I just finished building a red oak coffee table and need advice on finishing. The top is six boards joined together, some of which have knots or a hole. I chose these on purpose to build in some character, but then realized that I don't know what to do so that the surface is flat, but the knots are still visible. I am mostly concerned with the deep, dark one. I read that there is an epoxy method, but don't know if anyone has any experience with this. Advice is appreciated. Thanks.


----------



## jmartel (Jul 6, 2012)

Epoxy is what I've done. Just get a small thing of the 5 min epoxy, mix it up, fill in the hole. Make sure you leave it proud of the surface until it cures and hardens. Then sand it flush.


----------



## timbertailor (Jul 2, 2014)

Or do a really thick, clear, epoxy resin. Crystal Clear Glaze Coat. Do the WHOLE top.

Most bar tops are done this way if you were wondering what it looks like when complete.
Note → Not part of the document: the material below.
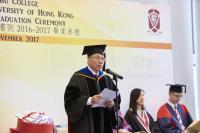 Prof Wai-Yee CHAN, College Master, addressing the Graduation Ceremony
Should last forever without fear of deterioration.


----------



## bigblockyeti (Sep 9, 2013)

You can go over it with poly and it will get down into the areas around the knot and lock it in. If you're looking to fill it, it may take several coats. Epoxy is a one shot deal most of the time, as mentioned you can pour it in and leave it proud or let it sink below the surface for less sanding/cleanup before your final finish.


----------



## wapakfred (Jul 29, 2011)

Epoxy is what I've always used, though I always found it unfriendly to sand. A card scraper wporks a little better to smooth it down (at least for me).


----------



## Tim714 (Jul 21, 2014)

Thanks for the replies. I filled the large knot and sanded it down level with the top, but it looks scratched and hazy now. Anyone know a way to buff out the scratches so that it's clear? Thanks!


----------



## CharlesA (Jun 24, 2013)

It will clear up when you put finish on it.


----------



## English (May 10, 2014)

I found web site that sells the a knot stabilzer hot melt. It is http://www.knottec.co.uk/. I purchased mine from http://www.hotmeltdirect.com They sold the knot-tec product in smaller quantity. Watch the video at Knot-Tec.co.UK/


----------



## CharlesA (Jun 24, 2013)

5 minute epoxy for me. You can tint it a bit if you want. Here is a knot tinted with a tiny bit of ebony stain. This just has a swipe of mineral spirits over it, and you can see the scratch marks are gone.


----------



## Yonak (Mar 27, 2014)

There is a product from System 3 called SculpWood which is an epoxy wood filler that can be colored with dry grout or a paint or epoxy tint. I got some and used only a little, but from what I've seen it seems to stay in pretty good and works pretty much like wood, although the holes I filled weren't as large as the ones you will fill. Bondo also has a wood filler that I have not yet tried but plan to. Whatever you use, kindly post a review to further the collective knowledgebase.


----------